> _WORK TO BE COMPLETED_:
In the material below, find the line with "Modern LED Electronic" and the line with "Cabinet en verre", then output those two lines and every line between them, exactly.

> _DATASET RECORDS_:

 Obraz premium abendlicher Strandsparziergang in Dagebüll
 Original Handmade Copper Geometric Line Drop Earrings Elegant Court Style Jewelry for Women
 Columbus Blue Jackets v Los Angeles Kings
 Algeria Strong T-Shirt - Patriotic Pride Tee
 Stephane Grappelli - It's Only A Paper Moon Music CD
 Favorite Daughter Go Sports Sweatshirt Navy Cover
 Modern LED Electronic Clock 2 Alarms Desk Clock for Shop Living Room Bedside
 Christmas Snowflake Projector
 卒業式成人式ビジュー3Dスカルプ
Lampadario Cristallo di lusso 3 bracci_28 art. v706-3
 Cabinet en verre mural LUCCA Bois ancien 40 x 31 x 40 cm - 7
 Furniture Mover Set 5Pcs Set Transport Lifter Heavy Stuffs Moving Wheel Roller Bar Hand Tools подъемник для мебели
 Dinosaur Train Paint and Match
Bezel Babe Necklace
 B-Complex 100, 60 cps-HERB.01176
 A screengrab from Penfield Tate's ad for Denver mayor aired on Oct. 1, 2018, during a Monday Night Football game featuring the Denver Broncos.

> _TASK SOLUTION_:
 Modern LED Electronic Clock 2 Alarms Desk Clock for Shop Living Room Bedside
 Christmas Snowflake Projector
 卒業式成人式ビジュー3Dスカルプ
Lampadario Cristallo di lusso 3 bracci_28 art. v706-3
 Cabinet en verre mural LUCCA Bois ancien 40 x 31 x 40 cm - 7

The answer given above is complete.